Il s’agit du quatrième homicide par balles dans la cité phocéenne depuis le début de l’année. La victime est le dixième ressortissant algérien tué dans la cité phocéenne depuis fin 2017, selon les informations relayées par Echorouk. Avant cet assassinat, la dernière victime algérienne en date avait été abattue de plusieurs balles dans la tête avant d’être brûlée, le 24 janvier dernier.

Hier, samedi 3 février, une journée après la mort du trentenaire, le secteur a visiblement de nouveau été le théâtre de règlements de comptes puisque deux corps ont été retrouvés dans une voiture incendiée à une trentaine de kilomètres de Marseille.

L’an dernier, 13 règlements de comptes mortels ont été recensés dans les Bouches-du-Rhône, le plus souvent sur fond de trafic de drogue dans les cités sensibles de la ville, rapporte l’agence d’informations Reuters.

Cette année-là, le chapelet de morts s’ouvrait le 7 février avec l’assassinat de Mehdi Remadnia, un « gros bonnet » de la drogue foudroyé par 50 balles de Kalachnikov au pied d’un immeuble situé dans une commune limitrophe de Marseille.

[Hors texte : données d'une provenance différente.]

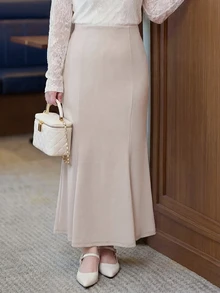Bijouette Zan Sakura 櫻花季末班車限量版大尺碼杏色高腰綁帶美人魚裙，延續熱銷修身版型，後背交叉綁帶可調節設計，高腰貼身+喇叭美人魚剪裁，完美修飾臀部線條，遮肚顯腿瘦，適合梨形與蘋果身型，不勒身，5月初夏季垂墜抗皺面料，日系通勤、約會、旅遊、賞花、黃金週出遊氛圍，大尺碼女性專屬高級修身百搭裙 - 杏色 - 查看 8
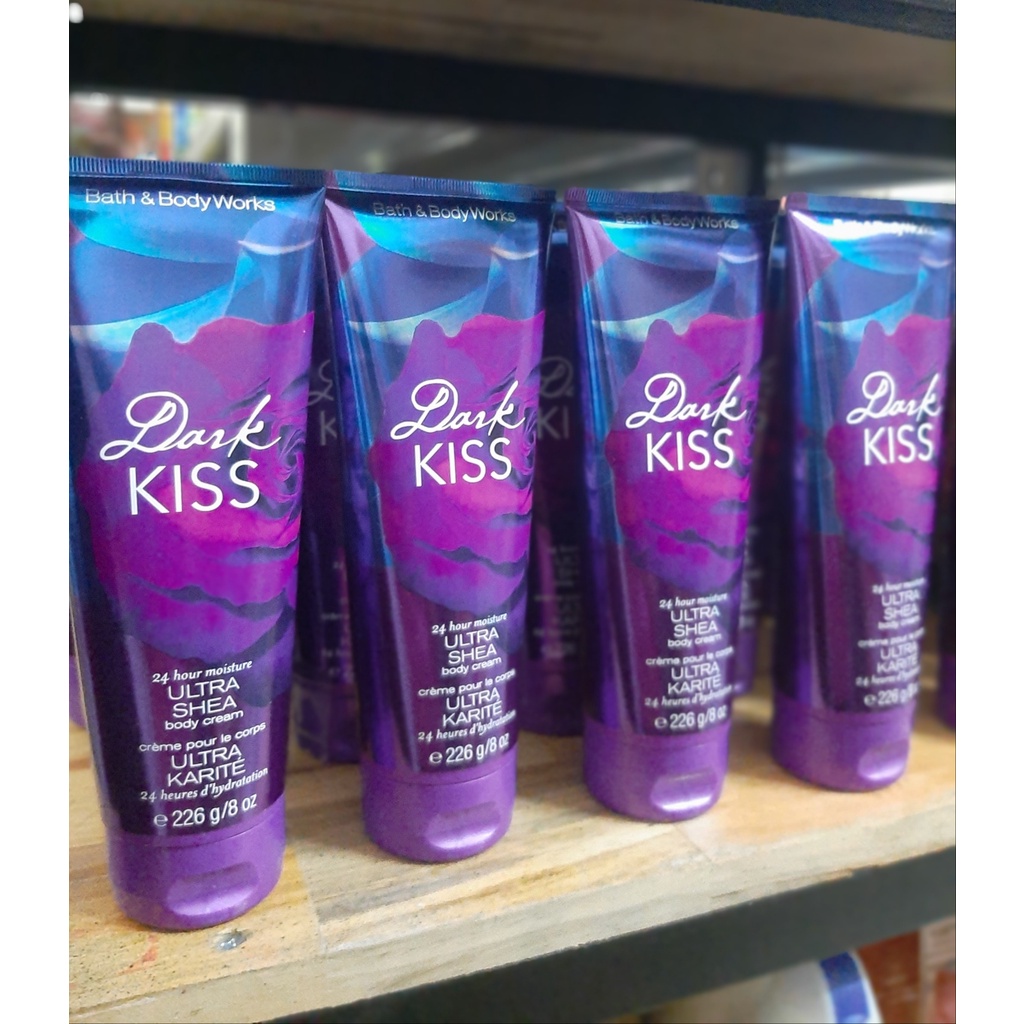 Sữa dưỡng thể Dark Kiss bath and body works của Mỹ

Une guerre des clans entre deux familles algériennes

Remadnia. Le nom est connu à Marseille. Le nombre relativement important de victimes algériennes s’expliquerait dans la bataille sans merci que se livrent cette famille avec celle des Tir, toutes deux originaires de Kenchela et maillons forts du trafic de drogue marseillais. Un article de l’Express rappelait que la famille Tir, « des Berbères débarqués d’Algérie après 1945 », a enterré cinq des siens depuis 2011 et subit deux tentatives d’assassinats.

« C’est quantitativement le plus gros conflit à Marseille actuellement », avait assuré au journal local La Provence Éric Arella, le chef de la police judiciaire dans la cité phocéenne. Les Tir – soutenus par la famille Berrebouh, des Algériens aussi – et les Remadnia sont pourtant des connaissances de longue date. Leurs morts reposent dans le même cimetière, à Menzel, entre Kenchela, la terre des Tir, et Kais, celle des Remadnia.

Le journal français précise même qu’ils ont une aïeule commune. « Nous avons grandi ensemble, partagé les mêmes cours d’école et les mêmes cages d’escalier, mangé chez les parents des uns et des autres, confie un Remadnia au journal. Mais, quand la drogue et l’argent ont inondé les quartiers, les parentèles se sont divisées ».

Toujours selon le quotidien français, la guerre entre les deux clans aurait débuté avec la séquestration d’un homme du clan Tir et de sa femme à la suite d’un différend entre dealers. Enceinte, la femme aurait perdu le bébé après avoir été frappée. Les Tir allaient se venger et la haine entre les deux familles est devenue aussi viscérale que celle des Capulet et des Montaigu. « Nous ne nous faisons pas d’illusions : ça va continuer à flinguer », indiquait un enquêteur.

Parti pour durer, donc. À Marseille, l’emprise du trafic de drogue est telle que les autorités françaises parlent de « narco-banditisme », un terme qui est utilisé pour évoquer la mafia napolitaine ou celle qui sévit dans certains coins d’Amérique latine.

« À la Castellane, la cité de Zidane, devenue « supermarché de la drogue », un seul plan stup peut générer 60.000 euros de chiffres d’affaires par jour, 23 millions d’euros par an. Le marché est tellement juteux que le milieu dit « traditionnel », ou « corso marseillais », commence à nouer des alliances avec les trafiquants des cités », indiquait dans une interview à L’Obs Marie-France Etchegoin, auteur d’un livre intitulé « Marseille, le roman-vrai ».

Si l’économie de la drogue aspire la jeunesse désœuvrée des quartiers, le sujet se déplace également sur le terrain politique, comme l’assure la journaliste : « On a laissé se développer le trafic parce qu’il assurait une forme de paix sociale dans des quartiers sinistrés. Et puis, on s’est appuyé sur des « leaders », liés à des dealers, pour des campagnes électorales, pour distribuer des subventions. Le clientélisme n’est pas regardant quand il peut rapporter des voix ».